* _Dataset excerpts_
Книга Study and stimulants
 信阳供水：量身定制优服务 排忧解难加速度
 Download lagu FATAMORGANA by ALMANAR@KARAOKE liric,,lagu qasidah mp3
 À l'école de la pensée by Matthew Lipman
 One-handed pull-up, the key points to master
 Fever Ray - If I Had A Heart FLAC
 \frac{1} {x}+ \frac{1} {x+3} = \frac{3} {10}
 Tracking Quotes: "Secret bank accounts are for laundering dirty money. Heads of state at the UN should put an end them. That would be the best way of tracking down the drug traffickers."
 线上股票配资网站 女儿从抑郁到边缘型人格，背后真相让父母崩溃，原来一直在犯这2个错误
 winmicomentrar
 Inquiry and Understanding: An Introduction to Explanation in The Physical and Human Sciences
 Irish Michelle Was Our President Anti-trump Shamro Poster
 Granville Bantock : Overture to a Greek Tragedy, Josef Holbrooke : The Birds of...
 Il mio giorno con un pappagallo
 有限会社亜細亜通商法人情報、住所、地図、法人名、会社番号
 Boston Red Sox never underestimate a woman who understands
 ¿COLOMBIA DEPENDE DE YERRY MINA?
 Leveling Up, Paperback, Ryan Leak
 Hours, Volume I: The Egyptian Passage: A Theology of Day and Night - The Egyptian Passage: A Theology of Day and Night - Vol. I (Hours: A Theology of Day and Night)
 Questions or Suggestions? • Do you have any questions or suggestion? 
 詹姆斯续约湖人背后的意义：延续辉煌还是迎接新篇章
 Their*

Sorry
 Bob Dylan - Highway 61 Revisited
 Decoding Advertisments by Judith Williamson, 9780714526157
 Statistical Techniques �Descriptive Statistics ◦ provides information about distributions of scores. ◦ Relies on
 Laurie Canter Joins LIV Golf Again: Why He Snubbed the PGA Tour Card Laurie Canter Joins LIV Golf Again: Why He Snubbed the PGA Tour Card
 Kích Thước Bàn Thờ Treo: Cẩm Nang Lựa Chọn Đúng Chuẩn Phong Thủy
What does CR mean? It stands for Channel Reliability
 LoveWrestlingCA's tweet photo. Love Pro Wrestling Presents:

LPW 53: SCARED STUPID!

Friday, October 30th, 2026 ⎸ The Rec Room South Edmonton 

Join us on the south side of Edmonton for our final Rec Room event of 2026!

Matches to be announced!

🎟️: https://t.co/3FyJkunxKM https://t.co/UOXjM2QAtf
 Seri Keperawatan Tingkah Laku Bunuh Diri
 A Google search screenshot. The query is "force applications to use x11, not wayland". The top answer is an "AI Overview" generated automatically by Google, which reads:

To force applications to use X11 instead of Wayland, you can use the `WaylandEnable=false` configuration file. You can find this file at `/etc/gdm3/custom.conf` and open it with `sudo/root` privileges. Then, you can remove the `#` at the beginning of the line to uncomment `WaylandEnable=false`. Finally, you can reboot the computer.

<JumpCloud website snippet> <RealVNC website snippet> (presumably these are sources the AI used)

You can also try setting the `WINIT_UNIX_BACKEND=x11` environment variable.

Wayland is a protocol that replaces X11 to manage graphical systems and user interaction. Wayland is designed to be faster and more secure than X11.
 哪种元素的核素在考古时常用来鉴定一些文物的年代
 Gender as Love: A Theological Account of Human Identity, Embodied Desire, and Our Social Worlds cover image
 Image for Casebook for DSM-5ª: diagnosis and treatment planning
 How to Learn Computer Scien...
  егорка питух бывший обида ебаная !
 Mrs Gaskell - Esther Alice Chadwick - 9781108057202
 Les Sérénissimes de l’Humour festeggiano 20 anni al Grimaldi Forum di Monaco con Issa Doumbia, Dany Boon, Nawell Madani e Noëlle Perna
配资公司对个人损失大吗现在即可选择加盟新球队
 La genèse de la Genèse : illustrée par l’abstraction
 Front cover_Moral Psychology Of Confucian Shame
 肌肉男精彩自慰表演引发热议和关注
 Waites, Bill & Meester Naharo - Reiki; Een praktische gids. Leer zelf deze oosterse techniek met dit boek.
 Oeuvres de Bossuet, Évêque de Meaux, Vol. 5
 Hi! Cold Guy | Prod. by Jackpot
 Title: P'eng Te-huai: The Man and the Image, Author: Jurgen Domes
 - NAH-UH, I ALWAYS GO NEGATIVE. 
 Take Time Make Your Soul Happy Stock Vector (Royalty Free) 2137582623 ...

* _What you are asked to do_
The answer should be one number: how many lines of the data above contain "force".

* _Written answer_
2